* Task to carry out
Counting only lines below that hold "float", give the total alone.

*** Opening of Entries supplied ***

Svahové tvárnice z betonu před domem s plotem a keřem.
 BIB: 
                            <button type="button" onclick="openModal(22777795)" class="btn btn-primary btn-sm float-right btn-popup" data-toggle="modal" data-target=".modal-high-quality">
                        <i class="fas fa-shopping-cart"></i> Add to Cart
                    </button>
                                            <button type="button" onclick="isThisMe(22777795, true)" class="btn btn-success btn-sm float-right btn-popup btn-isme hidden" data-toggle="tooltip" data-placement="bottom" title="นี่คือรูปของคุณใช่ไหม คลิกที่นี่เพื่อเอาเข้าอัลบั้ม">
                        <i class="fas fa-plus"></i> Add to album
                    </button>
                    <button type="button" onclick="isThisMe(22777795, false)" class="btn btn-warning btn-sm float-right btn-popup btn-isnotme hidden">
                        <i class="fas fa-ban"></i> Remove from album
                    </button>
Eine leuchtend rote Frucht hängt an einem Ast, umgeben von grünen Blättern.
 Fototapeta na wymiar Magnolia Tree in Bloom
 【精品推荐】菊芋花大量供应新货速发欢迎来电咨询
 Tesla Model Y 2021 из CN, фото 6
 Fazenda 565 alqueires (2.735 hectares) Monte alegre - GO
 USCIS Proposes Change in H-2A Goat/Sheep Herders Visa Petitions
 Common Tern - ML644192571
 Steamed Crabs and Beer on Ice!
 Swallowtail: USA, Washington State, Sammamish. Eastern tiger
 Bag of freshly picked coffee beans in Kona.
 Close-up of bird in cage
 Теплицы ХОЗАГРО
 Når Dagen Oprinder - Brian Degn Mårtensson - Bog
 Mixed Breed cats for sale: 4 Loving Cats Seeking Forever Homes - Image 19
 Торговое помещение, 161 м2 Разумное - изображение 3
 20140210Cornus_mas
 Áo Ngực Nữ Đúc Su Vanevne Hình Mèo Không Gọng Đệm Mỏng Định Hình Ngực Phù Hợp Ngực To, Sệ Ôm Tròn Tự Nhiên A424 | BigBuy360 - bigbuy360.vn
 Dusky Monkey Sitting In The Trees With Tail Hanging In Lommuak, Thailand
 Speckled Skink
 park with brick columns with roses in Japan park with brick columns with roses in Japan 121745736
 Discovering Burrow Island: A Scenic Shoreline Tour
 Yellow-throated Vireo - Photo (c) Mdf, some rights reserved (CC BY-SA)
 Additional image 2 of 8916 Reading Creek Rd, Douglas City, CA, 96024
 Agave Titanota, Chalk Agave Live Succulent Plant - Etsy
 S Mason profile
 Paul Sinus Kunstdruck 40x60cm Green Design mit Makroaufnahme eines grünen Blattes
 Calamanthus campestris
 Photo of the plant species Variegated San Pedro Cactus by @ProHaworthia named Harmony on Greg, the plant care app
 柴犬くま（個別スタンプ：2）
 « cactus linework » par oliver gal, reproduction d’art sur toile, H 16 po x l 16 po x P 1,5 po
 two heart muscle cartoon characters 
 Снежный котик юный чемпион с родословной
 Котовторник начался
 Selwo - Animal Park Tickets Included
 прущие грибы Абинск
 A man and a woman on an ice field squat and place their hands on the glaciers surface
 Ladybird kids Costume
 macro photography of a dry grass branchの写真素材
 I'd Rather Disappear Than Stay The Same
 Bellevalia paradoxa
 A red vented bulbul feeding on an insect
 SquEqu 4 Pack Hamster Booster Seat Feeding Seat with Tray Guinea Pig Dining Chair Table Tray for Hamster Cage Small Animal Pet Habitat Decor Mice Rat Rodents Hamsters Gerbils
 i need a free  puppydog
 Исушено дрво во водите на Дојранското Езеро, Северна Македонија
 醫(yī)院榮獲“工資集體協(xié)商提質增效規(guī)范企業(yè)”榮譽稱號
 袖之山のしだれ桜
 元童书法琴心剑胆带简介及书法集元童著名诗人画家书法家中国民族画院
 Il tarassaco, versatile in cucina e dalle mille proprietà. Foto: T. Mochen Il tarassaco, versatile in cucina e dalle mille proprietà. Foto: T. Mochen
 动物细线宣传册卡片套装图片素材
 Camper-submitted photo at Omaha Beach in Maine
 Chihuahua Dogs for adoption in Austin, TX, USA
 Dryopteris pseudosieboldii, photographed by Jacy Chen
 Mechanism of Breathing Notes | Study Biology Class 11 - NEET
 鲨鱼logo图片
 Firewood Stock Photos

*** Close of Entries supplied ***

* Exercise result
3